Related Category: Music: Theory, Forms, And Instruments

electronic music or electro-acoustic music, term for compositions that utilize the capacities of electronic media for creating and altering sounds.

Initially, a distinction must be made between the technological development of electronic instruments and the music conceived to utilize the inherent advantages of these instruments. Experiments in electronic tone production began soon after the invention of the vacuum tube. The first important instrument, the Theremin, invented by the Russian Leon Theremin (1896–1993) in 1920, used interference beats of two oscillators to produce sine-wave tones. The Ondes Martinot, invented in 1928, and the Trautonium, invented in 1930, were of similar design.

The earliest pieces of electronic music used recorded sounds that were then electronically altered to create sonic collages. This style, called musique concrete, was developed in Paris in 1948 by Pierre Schaeffer. The invention of the tape recorder in the late 1940s gave composers new means for modifying recorded sounds, including splicing (cutting the tape to create new juxtapositions of sound), speed variation (which changes the pitch of the recorded sound), and mixing (which allowed two or more different recordings to be played back at the same time). In popular music, Les Paul was one of the pioneers of electronic music, inventing the first solid-body electric guitar in 1946 and recording music in the 1950s in an eight-track recording studio of his own design.

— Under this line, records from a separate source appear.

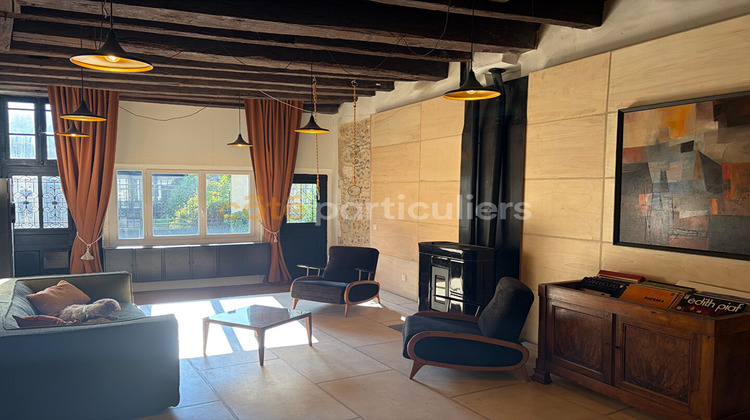 Ma-Cabane - Vente Maison SANCERRE, 125 m²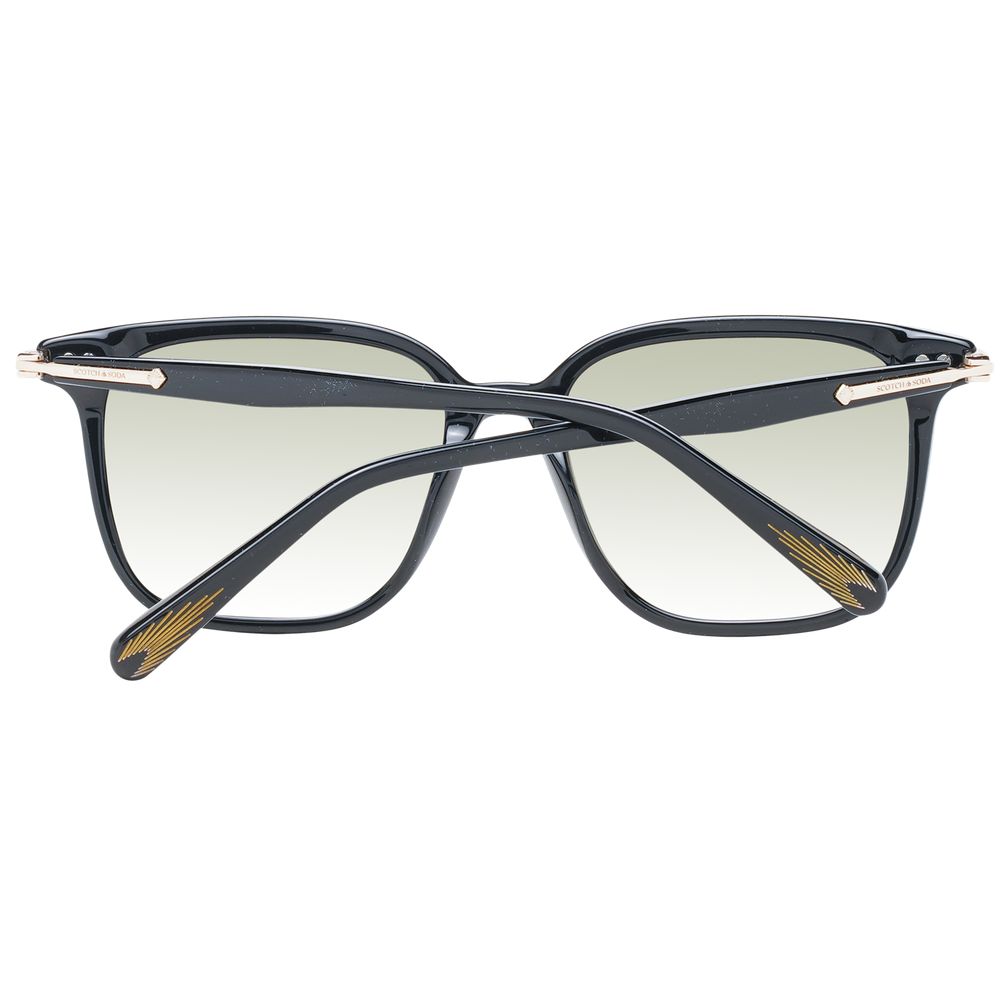Black Women Sunglass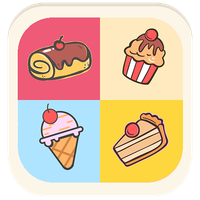 Super Sweet Candy Match 2 - Me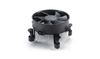 Кулер для процессора DeepCool ALTA 9 PWM 1700, 92 мм, 2200rpm, 65 Вт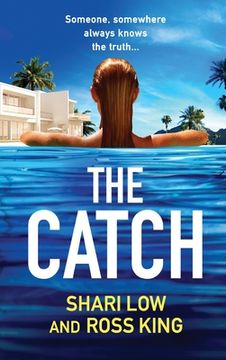 portada The Catch (en Inglés)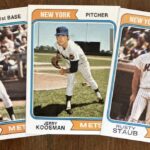 2023 Topps Heritage Turns Back the Clock to 1974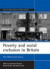 Poverty and social exclusion in Britain -- Bok 9781861343734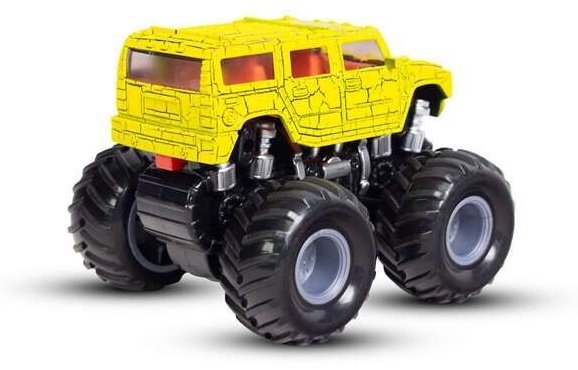 X-Game kids X7652 желтый купить,NaN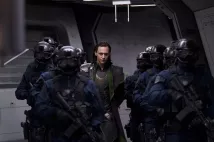 Tom Hiddleston - Avengers (2012), Obrázek #5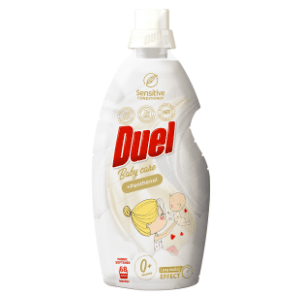 DUEL Omekšivač Baby care 1,6l slide slika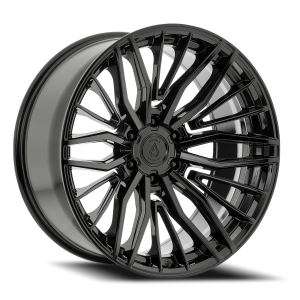 Arena Phantom 22x10 6x139.7 -18 Glossy Black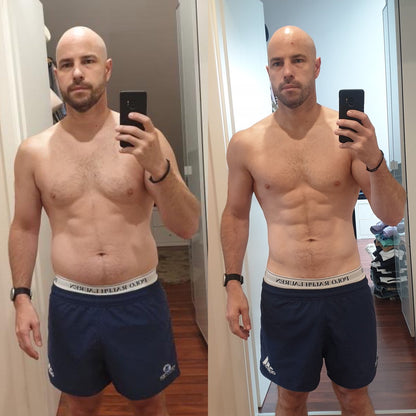 NEUROTONE™ MUSCLE STIMULATOR KIT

Controlling aspects of the musical sound by means of voltage regulation eventually led to the invention of synthesizers, devices that could produce and modify sound for musical applications. Among the earliest of these was the RCA synthesizer developed in the late 1950s and used extensively by composer Milton Babbitt in many of his electronic works. In the 1950s various studios that specialized in the production of electro-acoustic music were developed, including the West German Radio Studio in Cologne, associated with composer Karlheinz Stockhausen, the Italian Radio Studio in Milan, associated with Luciano Berio and Bruno Maderna, and the Columbia-Princeton Electronic Music Center, associated with Otto Luening, Vladimir Ussachevsky, Mario Davidovsky, and Babbitt.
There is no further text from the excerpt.